ホンダが新工場建設 小型MPV市場に参入 投資額270億円 年産3倍の18万台に
ホンダの四輪車製造・販売法人、ホンダ・プロスペクト・モーター(HPM)社は十五日、南ジャカルタの工業省で記者会見を開き、既存の工場がある西ジャワ州カラワンに新工場を建設すると発表した。投資額は三兆一千億ルピア(約二百七十億円)で、既存工場と合わせた年間生産能力を現在の六万台から十八万台と三倍に増強。インドネシアの「最大市場」(ホンダ本社の松本宜之執行役員・四輪事業本部・第三事業統括)となっている小型MPV(多目的車)市場に新興国向け小型車「ブリオ」を投入し、急伸する国内市場で昨年大幅に落としたシェアの挽回を図る。
新工場の総面積は九万五千平米。立ち上げ時の従業員数は二千人で年産能力は十二万台。生産台数の二〇%を輸出する予定。二〇一四年第一・四半期から稼働を開始し、ブリオを中心に生産する。現地調達率は八〇%まで高める方針。ホンダはインドネシアではこれまで、ジャズ、CR―V、フリードを主に生産してきた。
ブリオはタイとインドで昨年、生産・販売を開始した新興国向けの低価格小型車。排気量一二〇〇ccで、インドでは約七十万円で販売している。インドネシアでの製造・販売は、インドネシア政府が二〇一三年にも導入することを検討している低価格・低燃費の「エコカー」向けの税制優遇策も背景にあるとみられる。

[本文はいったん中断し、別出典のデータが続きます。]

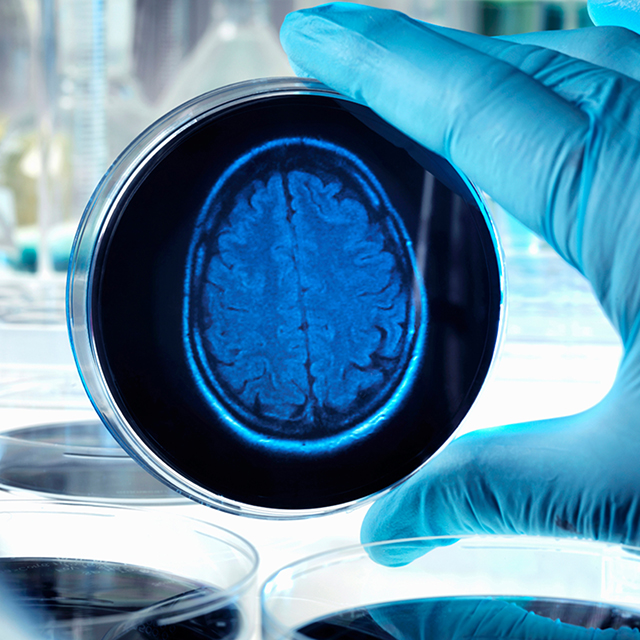 ucsf-department-of-psychiatry-research-2x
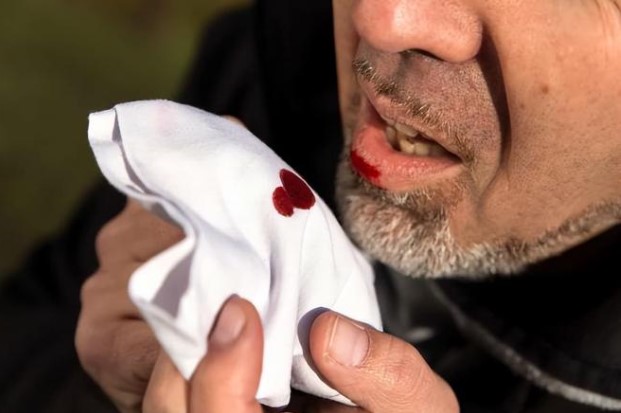 Nếu 4 hiện tượng này xuất hiện trong cơ thể, bạn hãy cảnh giác với khả năng mắc bệnh ung thư phổi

二〇一二年中にタイからの完成車輸入で販売を開始。一三年から既存工場での生産を開始し、一四年から新工場に移管する。
■泰・印に並ぶ拠点に
ホンダは東日本大震災とタイの洪水被害による部品の供給不足の影響で、二〇一〇年の六万千三百三十六台(シェア八・〇%)から二〇一一年は四万五千四百十六台(同五・〇八%)と販売台数を大きく落とした。

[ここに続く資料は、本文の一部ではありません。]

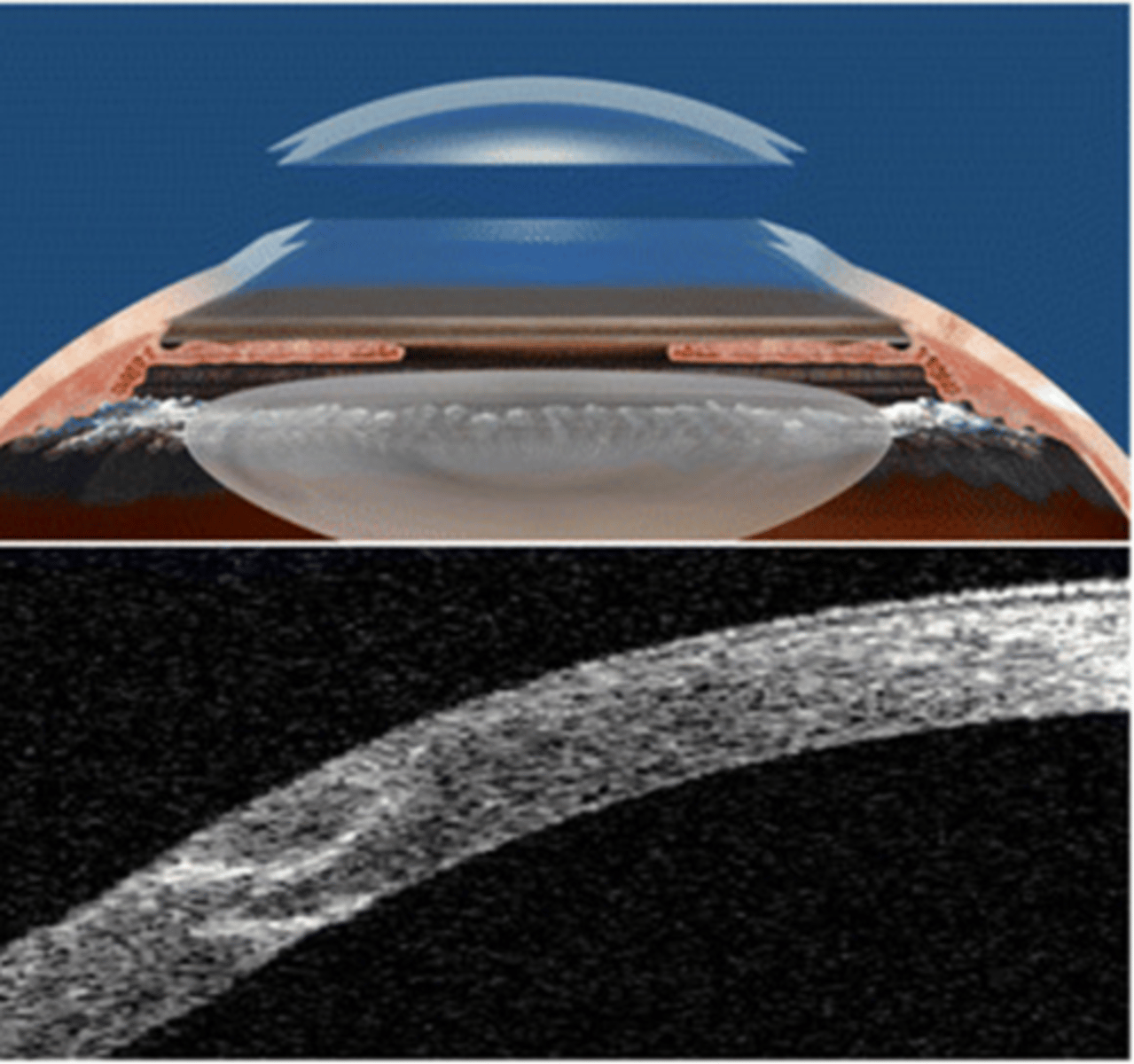 <p>What is alternatively used to make the full thickness cut in PKP?</p>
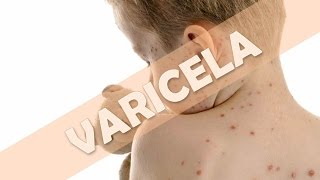 VARICELA16 COSAS QUE DEBERÍAS VARICELA EN NIÑOS SIGNOS SINTOMAS TRATAMIENTO PREVENCIÓNENARM [upl. by Alaik803]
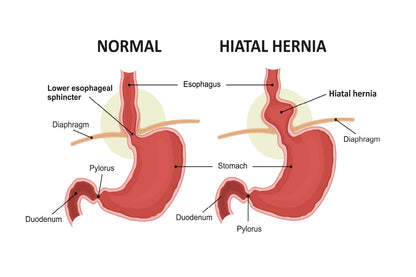 Hiatal Hernia & Normal Anatomy of The Stomach Home Decor Premium Quality Poster Print Choose Your Sizes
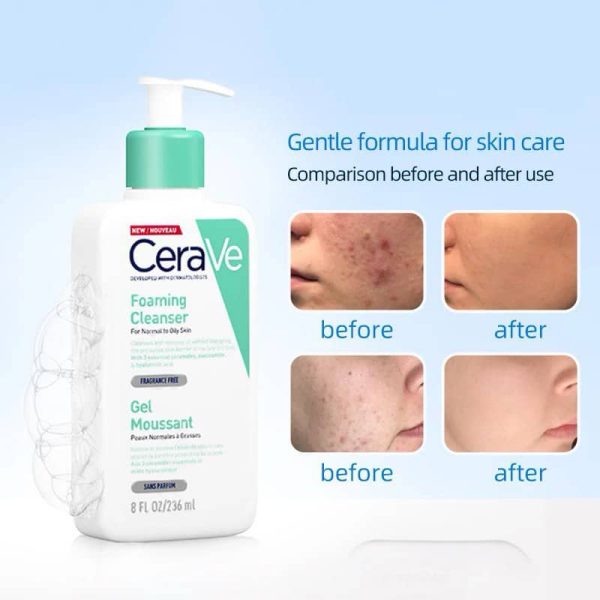 کاهش التهاب و تنظیم چربی پوست با شوینده تخصصی سراوی.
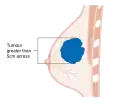 Stage T3 breast cancer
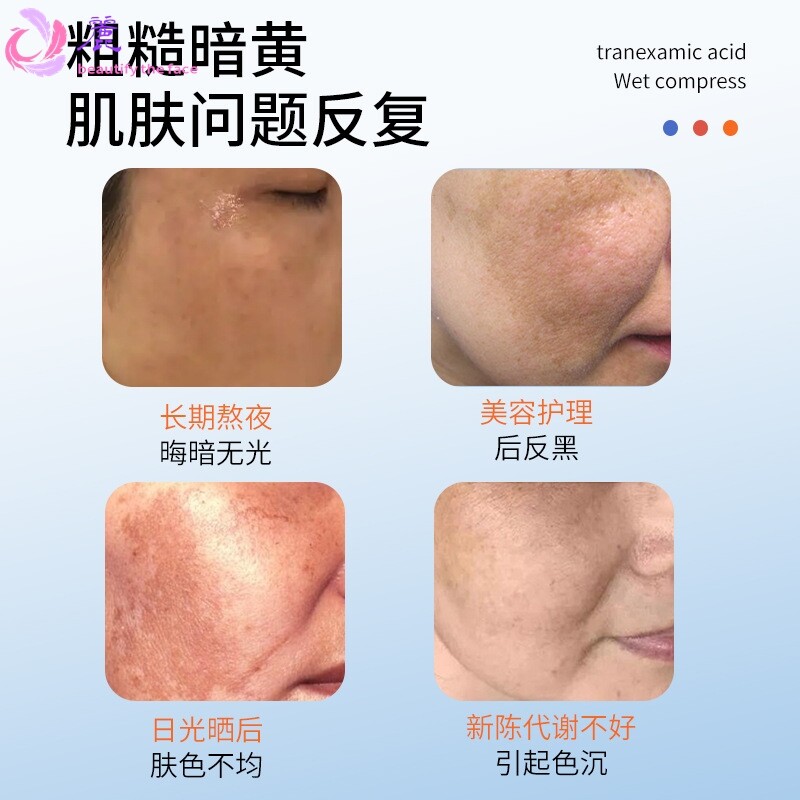 iOEO氨甲环酸湿敷液100ml暗沉黑色素提亮传明酸精华液湿敷水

今年の国内年間販売台数を昨年の八十九万台から九十五万台になると見込む中、販売台数目標を七万台に設定。国内販売台数が百十二万台になると見込む二〇一五年には二十一万台の販売を目標としている。
記者会見にはヒダヤット工業相、工業省のブディ・ダルマディ最先端技術活用主要産業総局長、ホンダ本社の小林浩常務執行役員・アジア大洋州本部長、松本宜之執行役員、HPM社の内田知樹社長、クスナディ・ブディマン上級副社長らが出席。
ヒダヤット工業相は「ホンダがインドネシアを生産と輸出の拠点にしようという取り組みへの関与を続けていく」と説明。小林氏は「東南アジアで最大の自動車市場であるインドネシアは、ホンダの世界展開の中で非常に重要な位置付けとなっており、インドネシアをタイとインドに並ぶ生産拠点、アジア・オセアニア地区への輸出拠点にしていきたい」と語った。
内田社長は声明で「昨年は日本とタイの災害による部品供給の制限で最大限の結果を収めることができなかったが、われわれはホンダ製品への信頼と需要は変わらず高いと信じている」と強調した。
会見では全国のディーラーの数を現在の八十八から二〇一四年までに百五十へ拡大するとの方針も示した。